═════ Entries supplied ═════

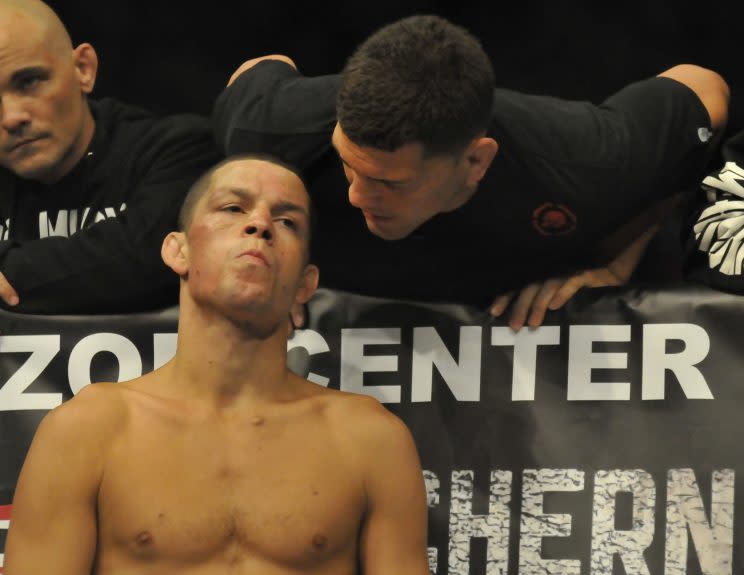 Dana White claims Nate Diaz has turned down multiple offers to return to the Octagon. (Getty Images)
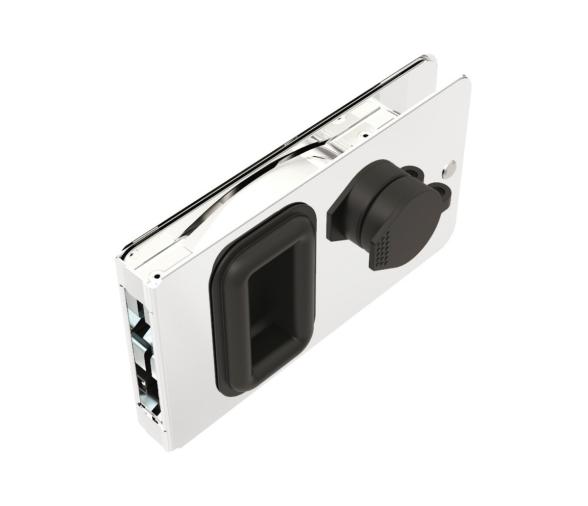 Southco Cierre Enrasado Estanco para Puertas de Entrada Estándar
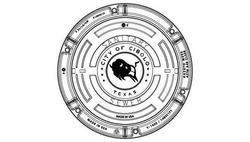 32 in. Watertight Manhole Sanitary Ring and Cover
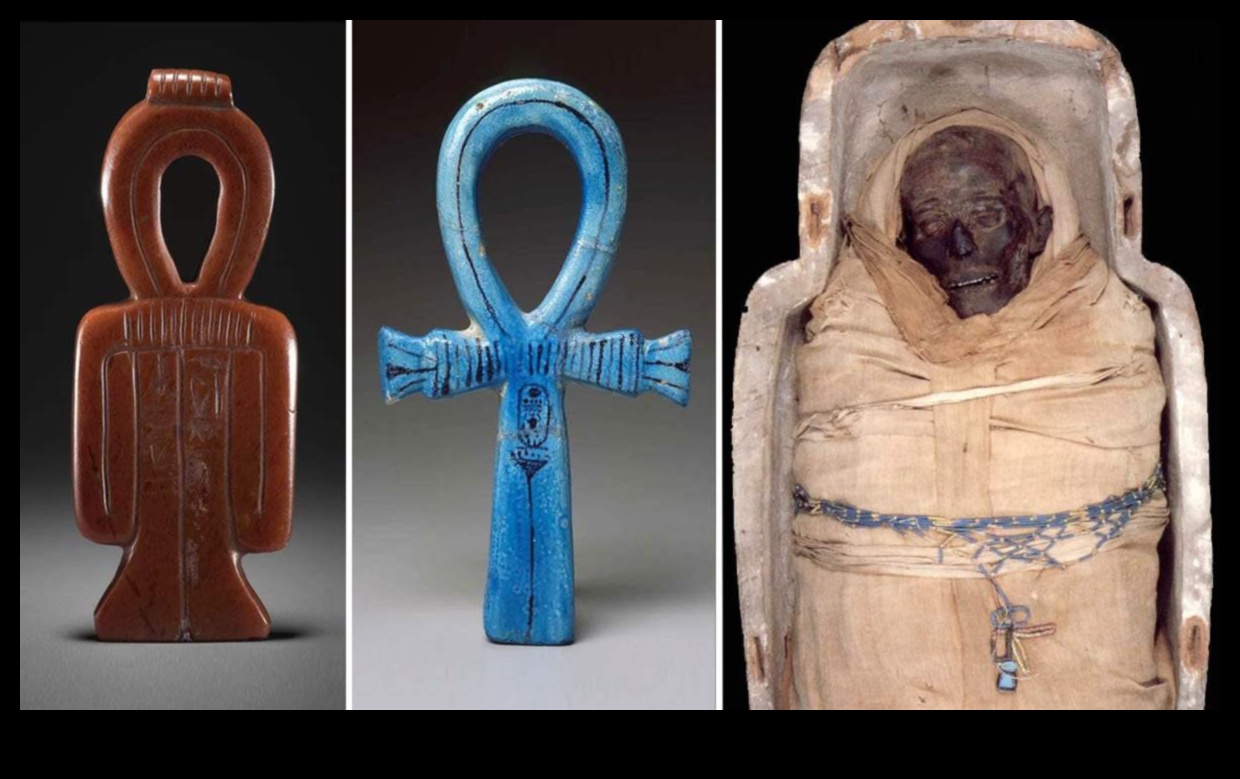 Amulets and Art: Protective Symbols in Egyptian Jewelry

═════
═════ Entries supplied ═════

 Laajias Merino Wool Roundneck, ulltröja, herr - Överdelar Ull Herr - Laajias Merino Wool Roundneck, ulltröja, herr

═════
═════ Entries supplied ═════

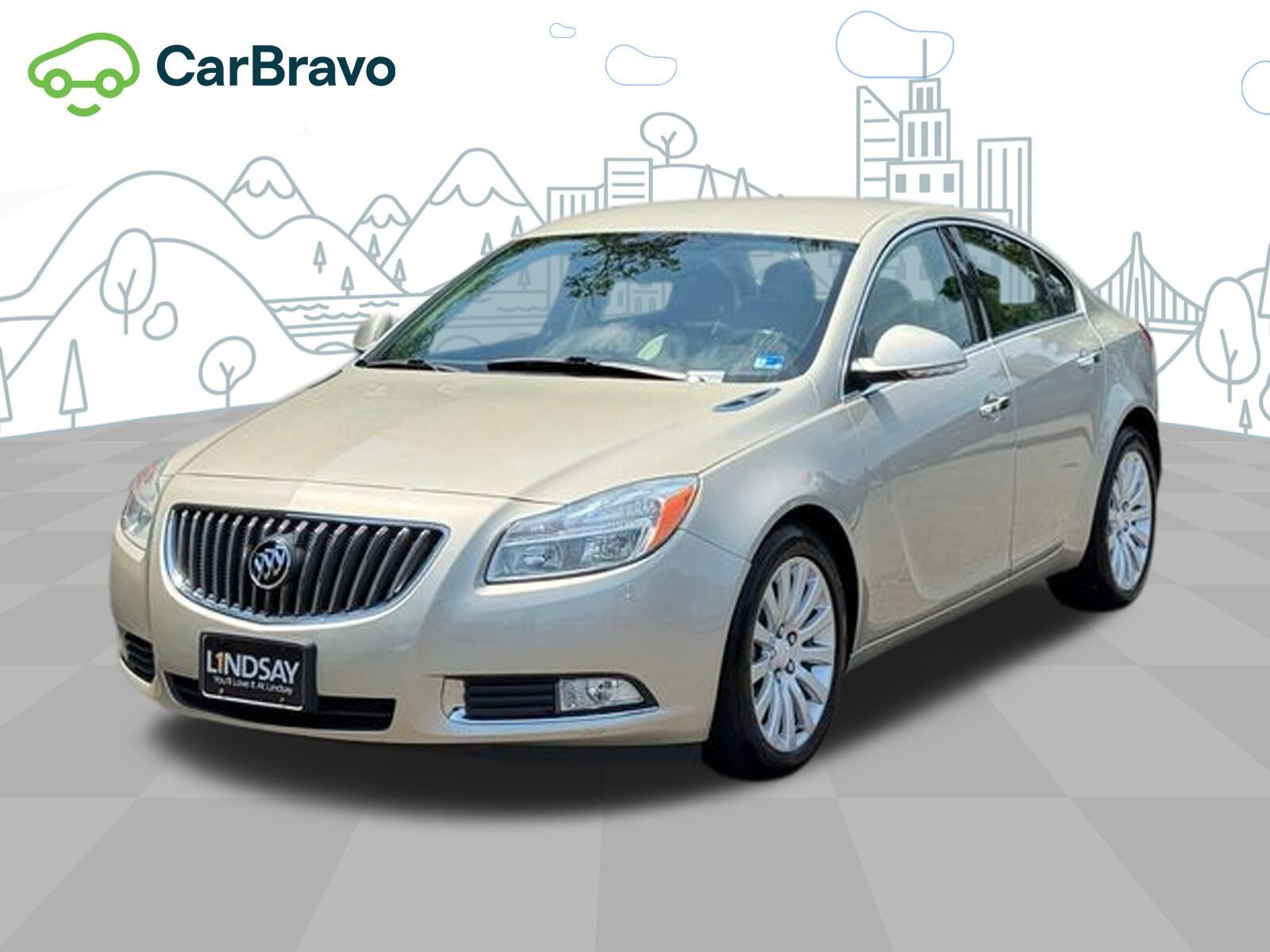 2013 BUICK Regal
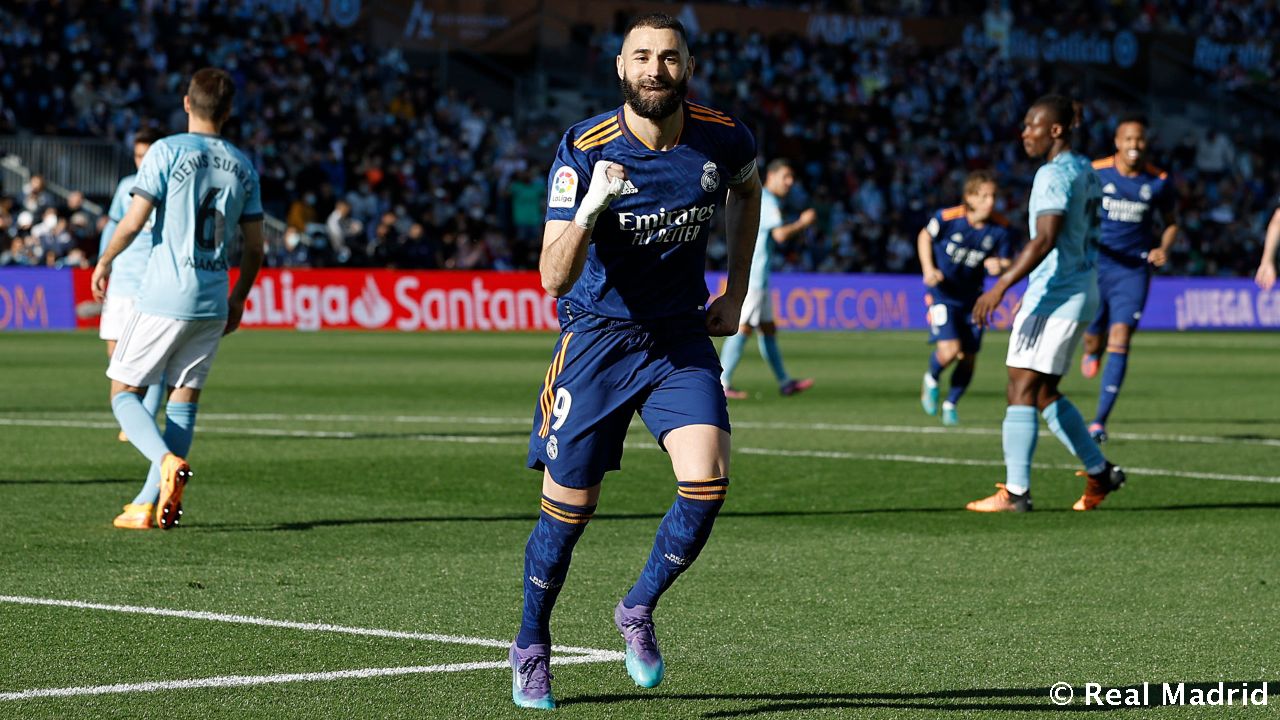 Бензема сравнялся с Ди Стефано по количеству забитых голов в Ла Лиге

═════

Exercise requirements: The reply should hold exactly the lines above, starting at the line with "Southco Cierre Enrasado" and ending at the line with "Amulets and Art: Protective", and no pictures.

Result for this task:
 Southco Cierre Enrasado Estanco para Puertas de Entrada Estándar
 32 in. Watertight Manhole Sanitary Ring and Cover
 Amulets and Art: Protective Symbols in Egyptian Jewelry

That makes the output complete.